Avec ce pote, le Baudrillard, il est désormais l’heure, pour tous, de se reconnaître en prostituée de bas étage, en professionnel du sexe. Il faudra se dire "sous-pute", un grade un peu moins élevé, plutôt que pute réelle, c'est-à-dire en sous-marin, inconscient ! Et pour le coup, plus prostituée que "celui, celle", qui s’y adonne volontairement, en "entrepreneur", en comptable. Le professionnel, une fois le travail terminé, s'arrête. La "sub-pute" l'est jusque dans son sommeil, au travail et en dehors, sans même se l'avouer...
En attendant, nous sommes davantage en prostitution que la (le) prostitué(é) elle (lui)-même. Nos collègues, nos chefs, nos compagnons (ou compagnes), nos congénères, les serfs et, surtout, nos mères et nos pères, ceux que l'on juge sans jamais juger, qui éduquent et forment l'esprit sont, dans l’ensemble, ces "putes" pérennisant le métier ! Les prostitués elles-mêmes, les vraies, les pros (tous genres confondus) ne peuvent plus modéliser la logique. Elles sont happées, aspirées dans des logiques plus vastes, elles sont les subalternes, les aliénées d'un modèle économique qui fait d'elles des putes à temps complet, comme les autres : modèle occidental, mondialisé et ses modes de production et de consommation qu'il fallait bien propager...
Nous voilà bien plus « tapineurs » que nos soeurs, que nos frères, que nos pères d'antant. « Sous-pute », sub-pute, faudrait-il préciser. Comme subconscient, comme submersible ! Planqué. Et ça fait tourner la machine…
Surinterprétation ? Si peu!
Cette vérité est aussi attrayante qu'un sexe boursoufflé, humide du désir. Revenons au corps. Le féminisme s’est gentiment laissé aller... à dégrader métaphysiquement, intellectuellement, la situation des hommes et des femmes.
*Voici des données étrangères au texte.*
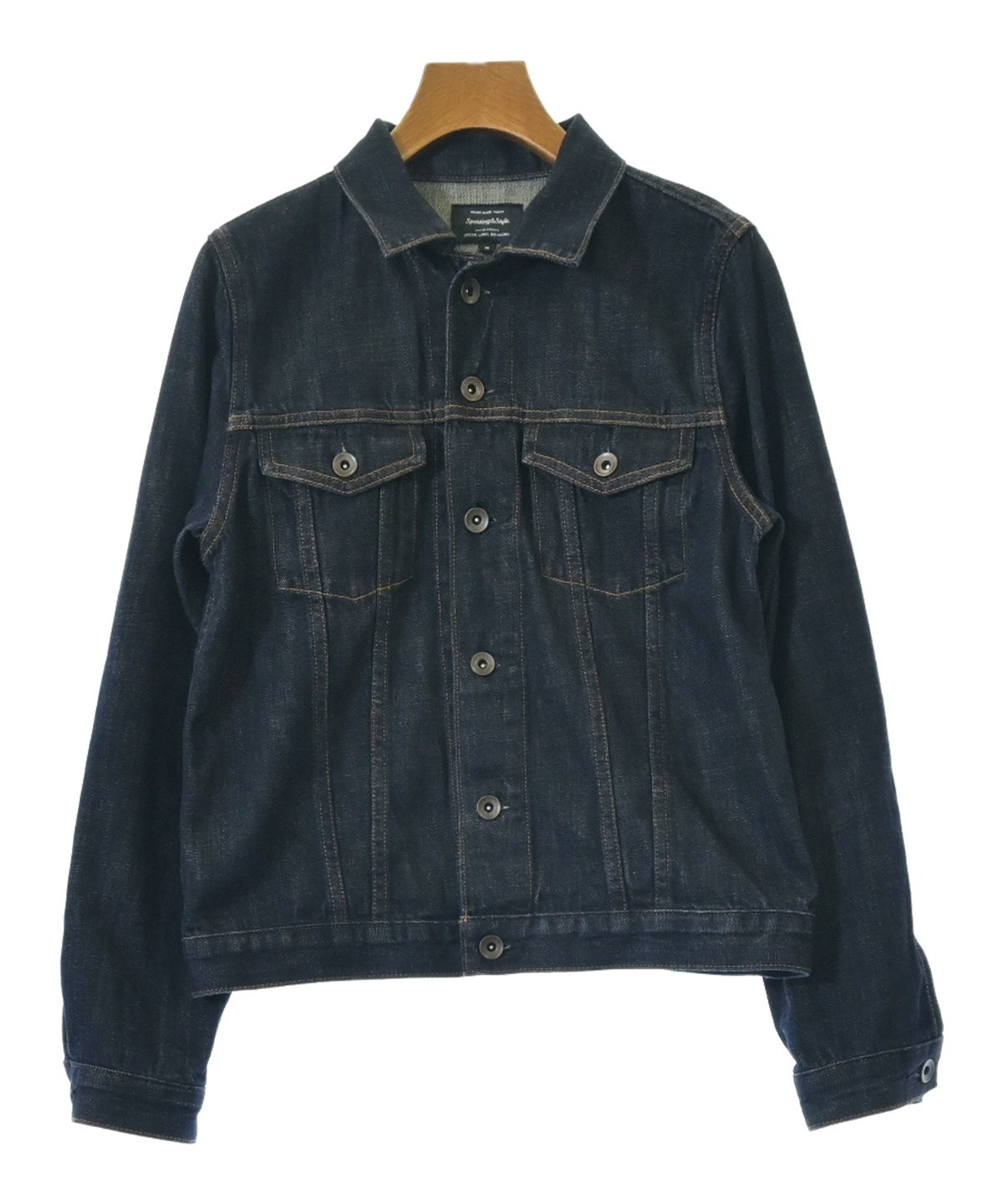 green label relaxing ラムレザー ジャケット　M 楽天市場】united arrows green label relaxing ライダース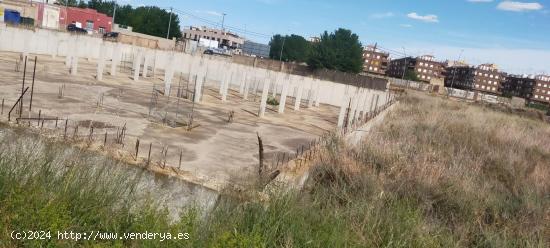 OPORTUNIDAD EDIFICIO EN CONSTRUCCION EN YECLA (MURCIA) - MURCIA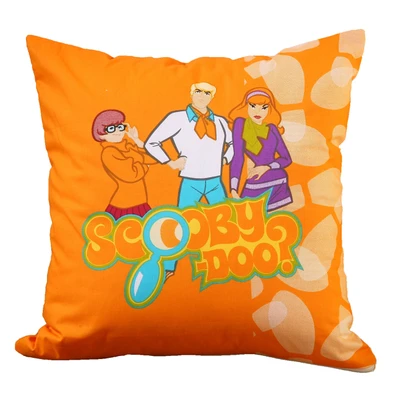 Μαξιλάρι Διακοσμητικό 40x40 Scooby doo 10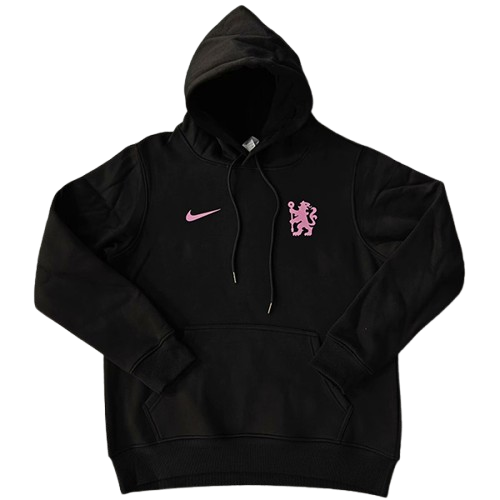 Hoodie Manchester United | Negro Hoodie Manchester United | Negro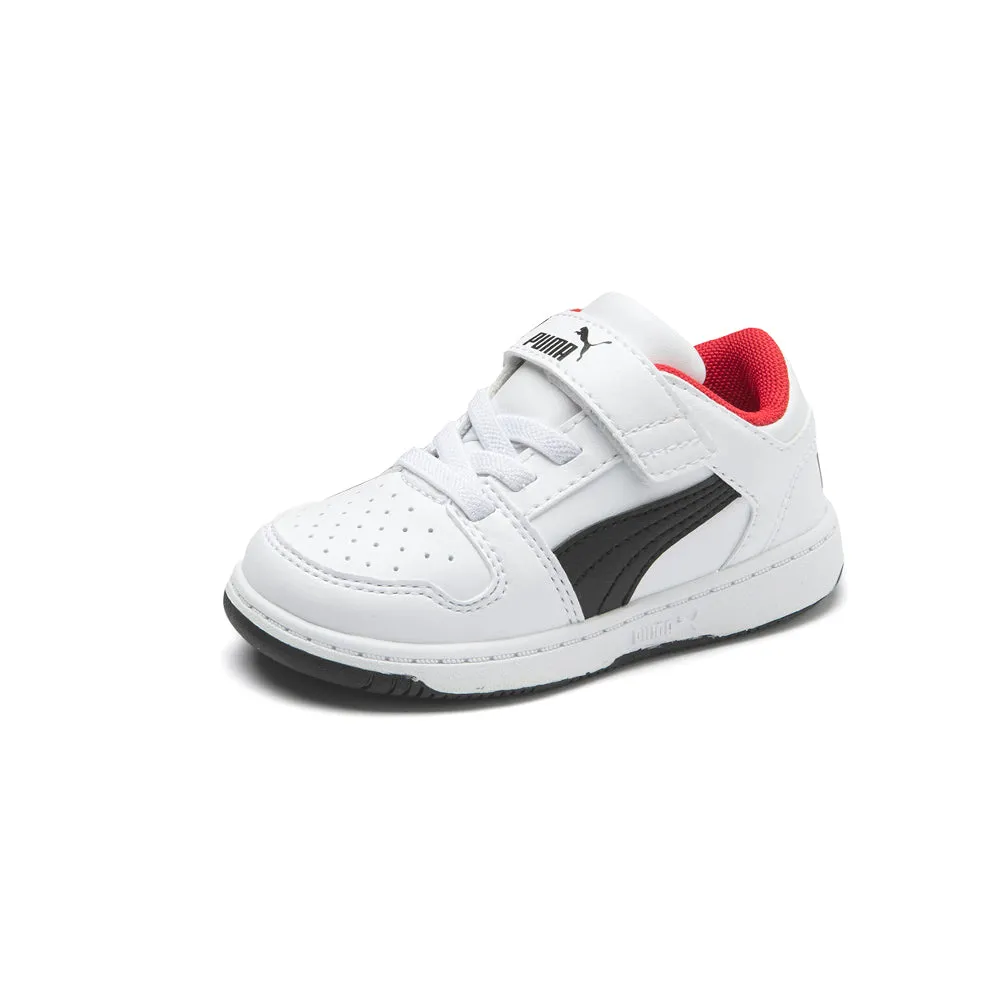 Rebound Layup Lo SL Sneakers (Infant-Little Kid)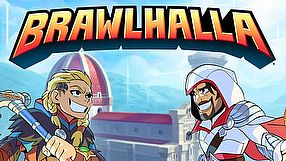 Brawlhalla zwiastun Assassin's Creed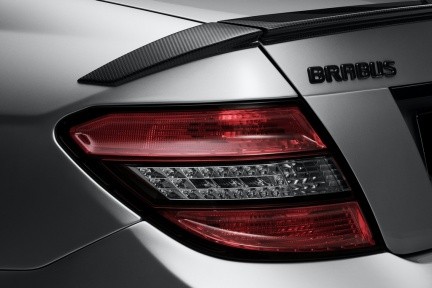 Brabus Bullit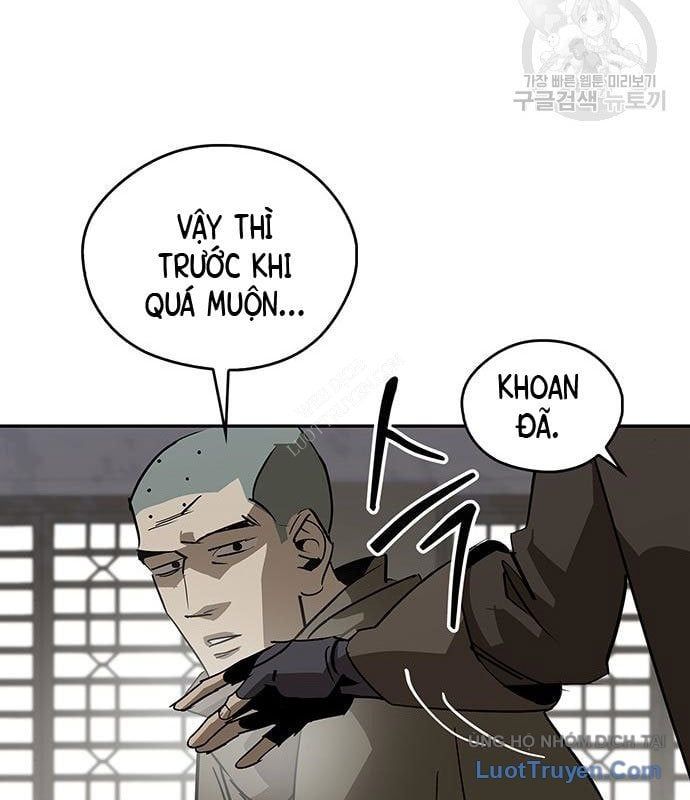 Võ Học Miền Viễn Tây Chapter 40 - Trang 2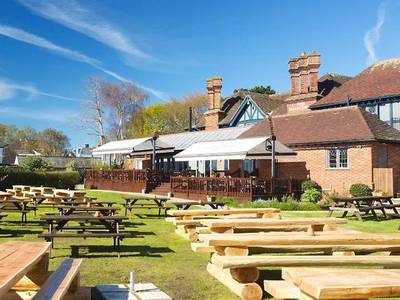 The Mayflower - Bild 1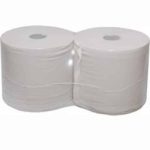 Papel Higiénico Jumbo Pack 12 Rolos – Norpack - Image 3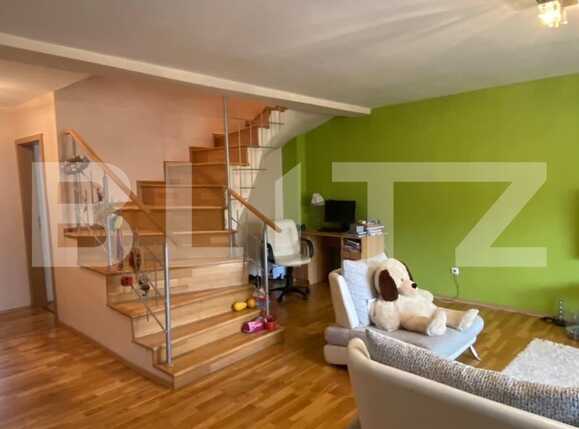 Apartament de vânzare 4 camere Floreşti - 63163AV | BLITZ Cluj-Napoca | Poza4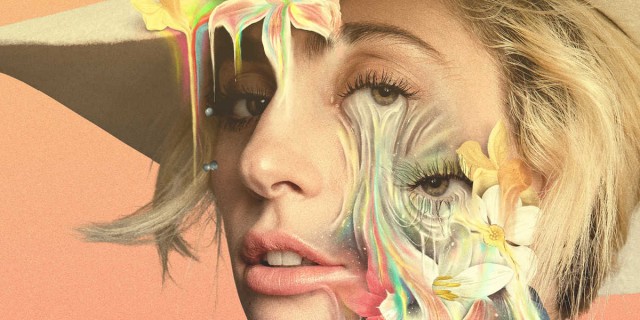 Las amargas lágrimas de Lady Gaga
Libération de la femme, qui durant des millénaires a dû faire face à la domination masculine ? Certainement. Avant cela, libération de la femme est surtout la libération du corps et plus tard sa libéralisation. Les "féminismes" n'auraient-ils pas finalement aboutit à la "sub-putisation" des femmes… et des hommes... Des hommes et des femmes à consommer sans modération. Pour faire tourner la machine...
Le corps de la femme comme « consommable » s’est étendu à celui du mâle. Bel égalitarisme homme-femme qui donne à voir l’avènement de cette humanité définie en corps consommables. Et le mâle se consomme enfin... Progrès ? La machine n'a jamais tourné aussi vite !
C’est anodin, c’est quotidien, devant la glace, encostumés, endimanchés au quotidien, soutenus par les icônes bienveillantes d'une presse manipulatoire et manipulée, quand se préparer, se "regarder", c'est se préparer à se vendre soi-même... et à consommer l'autre.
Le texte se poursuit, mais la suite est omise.